YOUR OBJECTIVE. In the records below, find the line containing "Pofeuu Honey Bee" and repeat it and every line after it exactly, without pictures.

----------

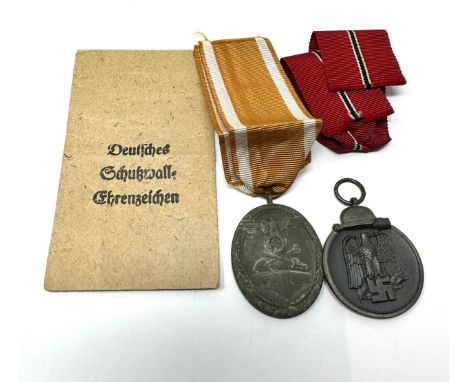 2 ww2 German medals inc west wall with packet & eastern front ring stamp No5 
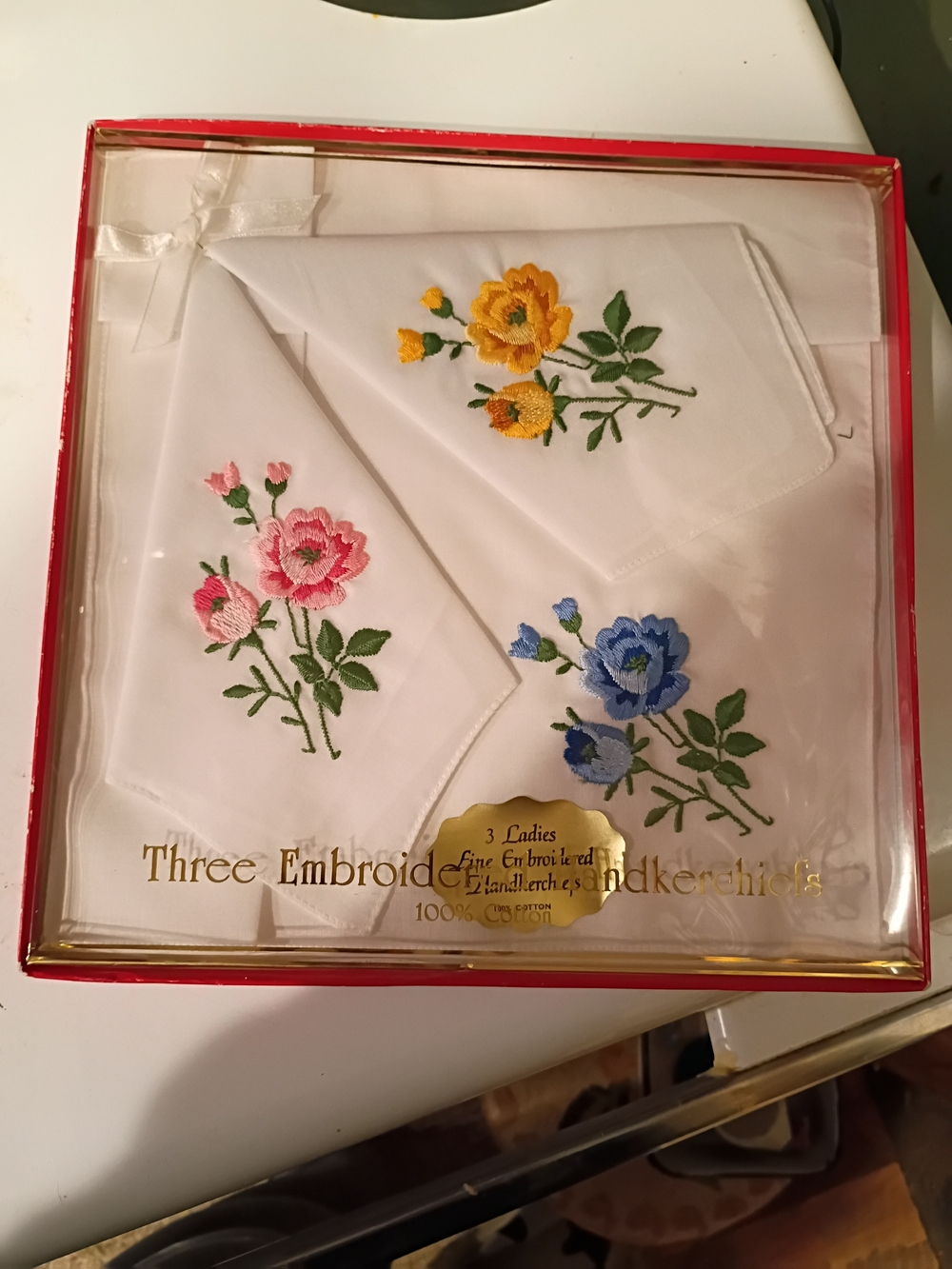 Embroidered Floral Ladies Handkerchiefs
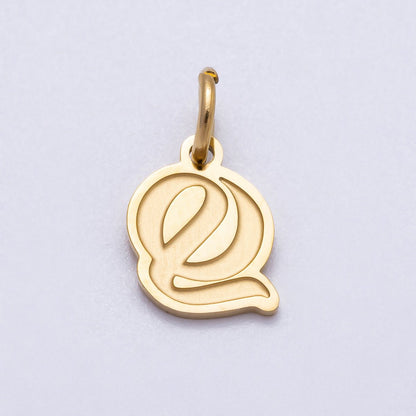 PVD Stainless Steel 10mm Cursive Chubby Old English Alphabet Initial Letter Charm | Charms-00720 ~ Charms-00745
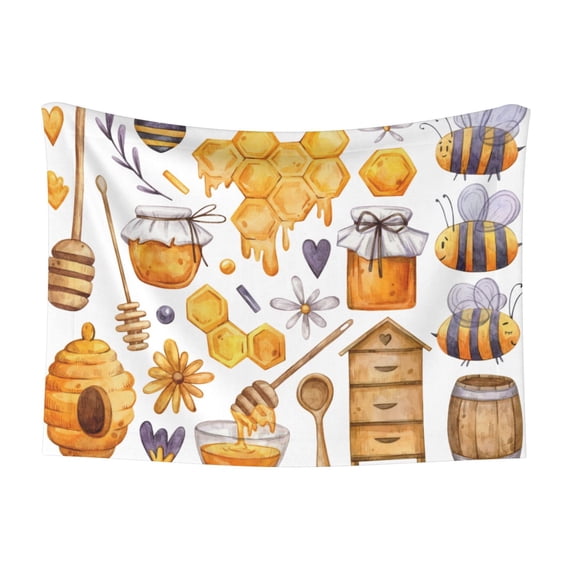 Pofeuu Honey Bee Set Print Puppy Blanket,Dog Blankets,Pet Blanket Cozy Cat Blankets for Indoor Cats, Fuzzy Pet Blanket for Kitten Doggy Dog Blankets-Small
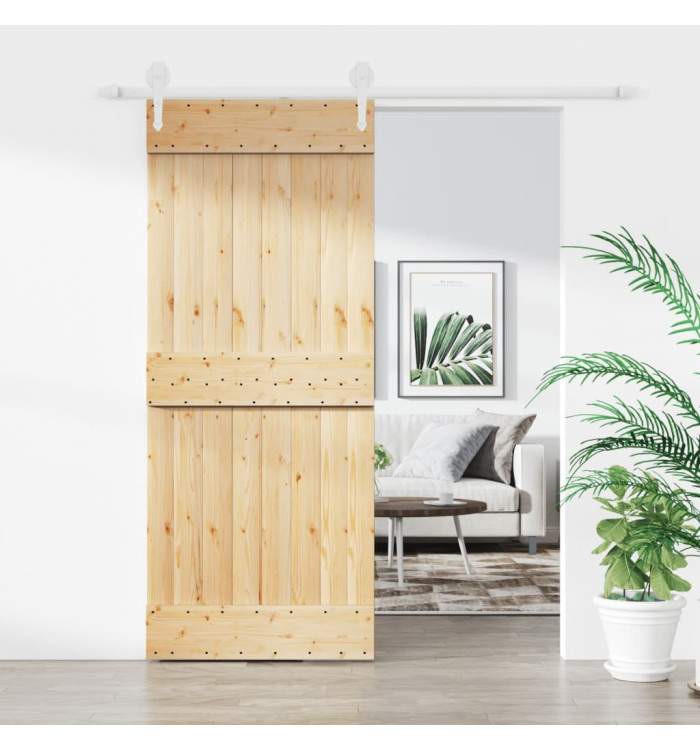 Porte coulissante et kit de quincaillerie 85x210 cm pin massif | Mobilier & Déco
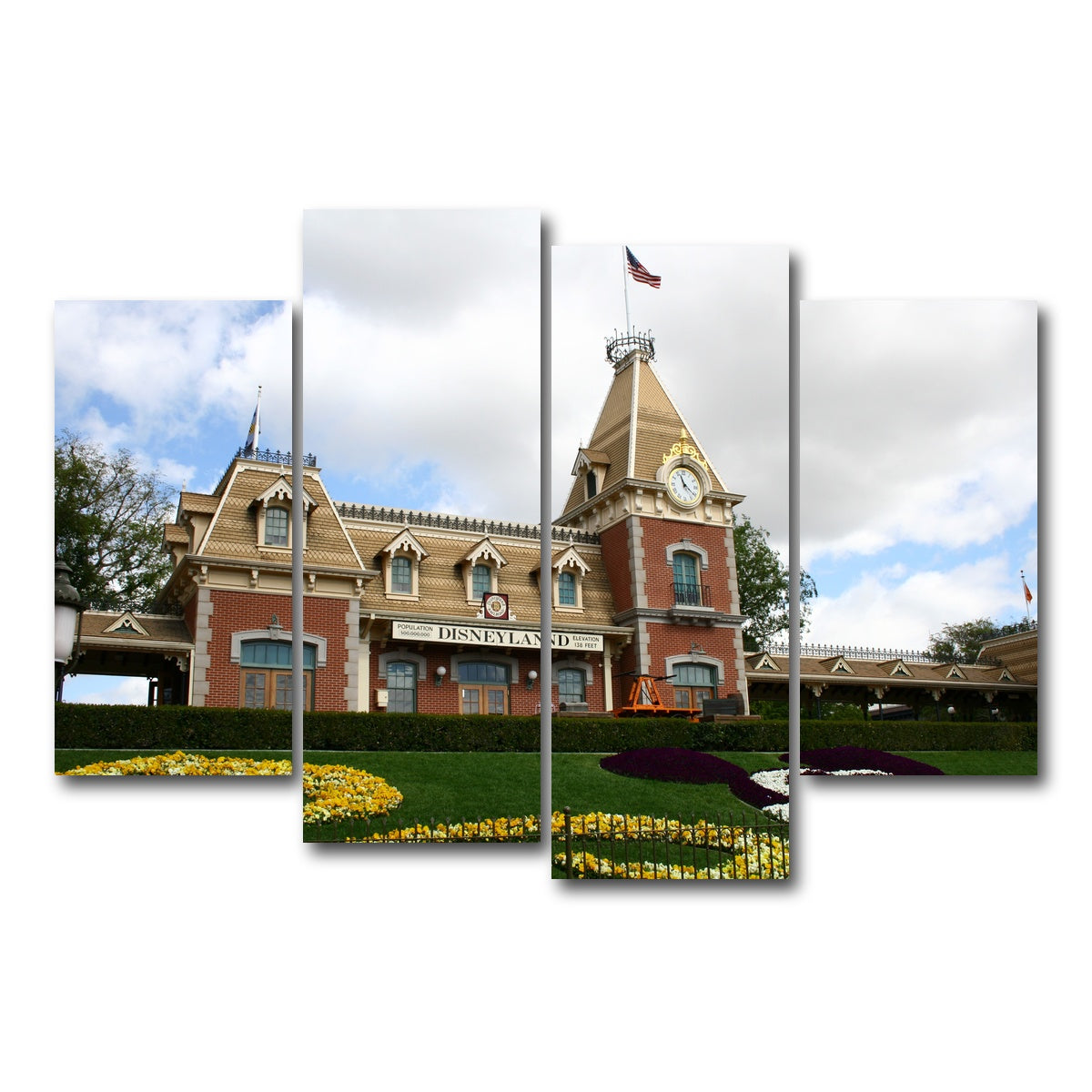 AUTO-MOCKUP WHITE | Disneyland Train Station | 4 Piece | Gallery Wrap Canvas | group=4_short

----------

SOLUTION TO THE EXERCISE.
 Pofeuu Honey Bee Set Print Puppy Blanket,Dog Blankets,Pet Blanket Cozy Cat Blankets for Indoor Cats, Fuzzy Pet Blanket for Kitten Doggy Dog Blankets-Small
 Porte coulissante et kit de quincaillerie 85x210 cm pin massif | Mobilier & Déco
 AUTO-MOCKUP WHITE | Disneyland Train Station | 4 Piece | Gallery Wrap Canvas | group=4_short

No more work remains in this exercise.